8.如权利要求7所述的方法,其特征在于,沉积保形间隔层包括沉积碳。
9.如权利要求8所述的方法,其特征在于,以原子层沉积制程来进行沉积碳。
10.如权利要求7所述的方法,其特征在于,形成多个牺牲Mx+1线包括:
在该多个金属Mx线上方沉积牺牲层;
在该牺牲层上沉积微影堆栈物;
图案化该微影堆栈物以形成图案化微影堆栈物;
去除该牺牲层未被该图案化微影堆栈物覆盖的部分;以及
去除该微影堆栈物。
11.如权利要求7所述的方法,其特征在于,沉积介电层包括沉积碳氧化硅。
12.如权利要求11所述的方法,其特征在于,更包括平坦化该介电层。
13.如权利要求12所述的方法,其特征在于,平坦化该介电层包括进行化学机械抛光制程。

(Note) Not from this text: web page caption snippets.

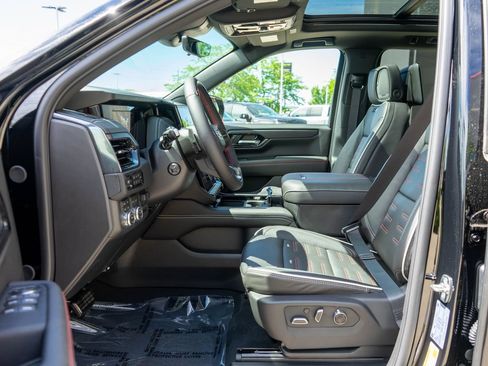 New 2026 GMC Yukon XL AT4 Ultimate AWD/4WD image 11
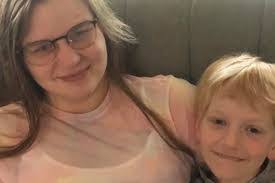 Regina Gresham's Instagram, Twitter & Facebook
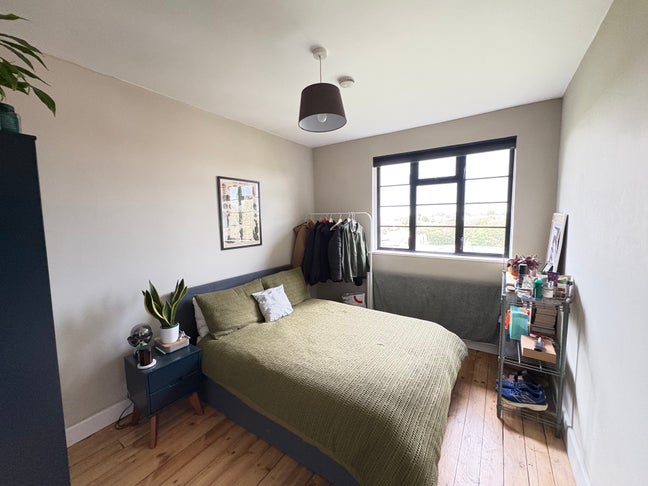 Double Room SW16 – Great views over the city! Main Photo
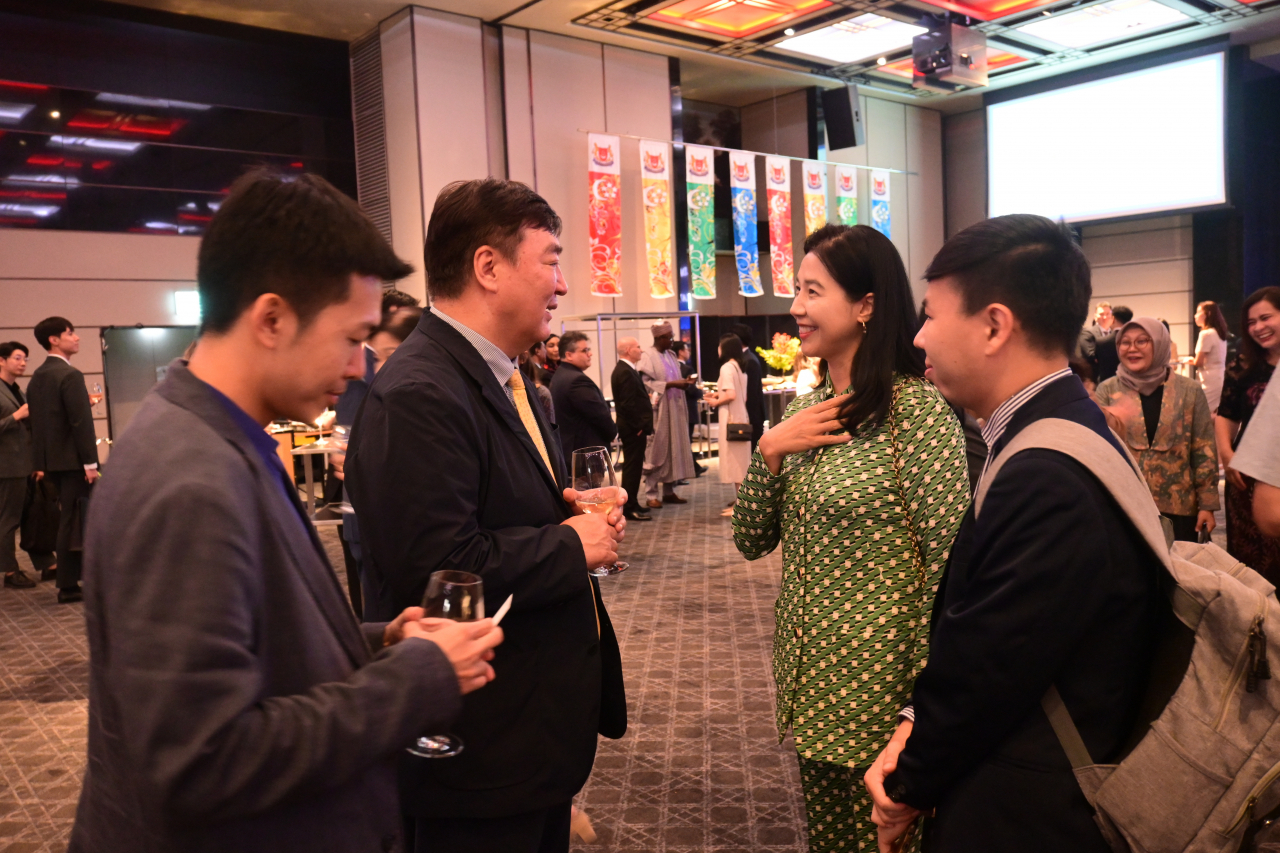 Chinese Ambassador to Korea Xing Haiming exchanges greetings with guests at the Singapore National Day event at the Grand Hyatt Seoul in Yongsan-gu, Seoul on Friday. (Sanjay Kumar/The Korea Herald)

14.如权利要求7所述的方法,其特征在于,用金属填充该多个Mx+1线穴包括用铜填充该多个Mx+1线穴。
15.一种形成半导体结构的方法,包括:
在多个金属Mx线上方形成多个牺牲Mx+1线;
在该多个牺牲Mx+1线上方沉积介电层;
在该多个牺牲Mx+1线的其中一个牺牲Mx+1线中形成切穴;
在该切穴中形成介电区;
去除该多个牺牲Mx+1线以形成多个Mx+1线穴;
沉积通孔切口微影堆栈物;
在该通孔切口微影堆栈物中图案化开口;
形成通孔穴使暴露出该多个金属Mx线的其中一个Mx金属线;
去除该通孔切口微影堆栈物;以及
用金属填充该多个Mx+1线穴和通孔穴以形成多个金属Mx+1线和通孔。
16.如权利要求15所述的方法,其特征在于,形成多个牺牲Mx+1线包括:
在该多个金属Mx线上方沉积牺牲层;
在该牺牲层上沉积线切口微影堆栈物;
图案化该线切口微影堆栈物以形成图案化线切口微影堆栈物;
去除该牺牲层未被该图案化线切口微影堆栈物覆盖的部分;以及
去除该图案化线切口微影堆栈物。
17.如权利要求15所述的方法,其特征在于,沉积介电层包括沉积碳氧化硅。
18.如权利要求17所述的方法,其特征在于,更包括平坦化该介电层。
19.如权利要求18所述的方法,其特征在于,平坦化该介电层包括进行化学机械抛光制程。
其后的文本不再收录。